Task details: Lines containing the word "image" are to be copied from the data below.
+++ Source material
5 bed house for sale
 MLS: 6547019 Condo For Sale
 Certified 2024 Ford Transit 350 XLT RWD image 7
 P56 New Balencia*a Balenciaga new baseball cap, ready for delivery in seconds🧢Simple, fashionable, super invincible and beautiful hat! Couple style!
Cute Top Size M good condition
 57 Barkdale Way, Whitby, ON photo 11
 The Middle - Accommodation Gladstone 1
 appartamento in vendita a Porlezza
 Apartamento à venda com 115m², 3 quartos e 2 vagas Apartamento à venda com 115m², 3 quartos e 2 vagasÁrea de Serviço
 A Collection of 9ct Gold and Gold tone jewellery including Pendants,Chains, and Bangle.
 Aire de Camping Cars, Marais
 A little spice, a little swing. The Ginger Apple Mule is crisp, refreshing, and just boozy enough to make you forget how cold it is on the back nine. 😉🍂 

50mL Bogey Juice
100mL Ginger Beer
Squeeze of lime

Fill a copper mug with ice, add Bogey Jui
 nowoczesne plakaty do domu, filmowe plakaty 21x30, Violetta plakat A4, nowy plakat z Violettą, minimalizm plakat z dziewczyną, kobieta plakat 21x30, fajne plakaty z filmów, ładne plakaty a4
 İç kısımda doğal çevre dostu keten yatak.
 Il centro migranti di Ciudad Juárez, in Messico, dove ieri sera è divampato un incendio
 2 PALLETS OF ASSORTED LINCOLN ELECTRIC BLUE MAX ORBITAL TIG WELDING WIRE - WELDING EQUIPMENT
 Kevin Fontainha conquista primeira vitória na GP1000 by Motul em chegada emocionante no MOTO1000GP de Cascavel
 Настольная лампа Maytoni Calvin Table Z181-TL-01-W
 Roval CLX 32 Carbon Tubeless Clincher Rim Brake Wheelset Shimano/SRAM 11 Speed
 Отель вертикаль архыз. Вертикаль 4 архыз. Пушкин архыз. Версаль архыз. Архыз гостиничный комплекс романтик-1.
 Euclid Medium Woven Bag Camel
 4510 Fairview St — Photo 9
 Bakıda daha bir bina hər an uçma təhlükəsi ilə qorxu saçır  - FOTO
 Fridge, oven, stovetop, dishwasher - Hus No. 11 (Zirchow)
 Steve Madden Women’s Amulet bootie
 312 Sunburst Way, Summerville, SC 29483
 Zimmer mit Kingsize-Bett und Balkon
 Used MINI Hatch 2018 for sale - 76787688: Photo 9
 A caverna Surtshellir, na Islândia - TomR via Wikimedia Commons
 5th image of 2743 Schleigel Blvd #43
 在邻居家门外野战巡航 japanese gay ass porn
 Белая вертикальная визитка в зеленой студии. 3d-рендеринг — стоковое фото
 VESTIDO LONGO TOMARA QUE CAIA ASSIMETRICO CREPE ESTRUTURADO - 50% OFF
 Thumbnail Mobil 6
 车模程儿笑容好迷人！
++++++
Answer box:
 Certified 2024 Ford Transit 350 XLT RWD image 7
 5th image of 2743 Schleigel Blvd #43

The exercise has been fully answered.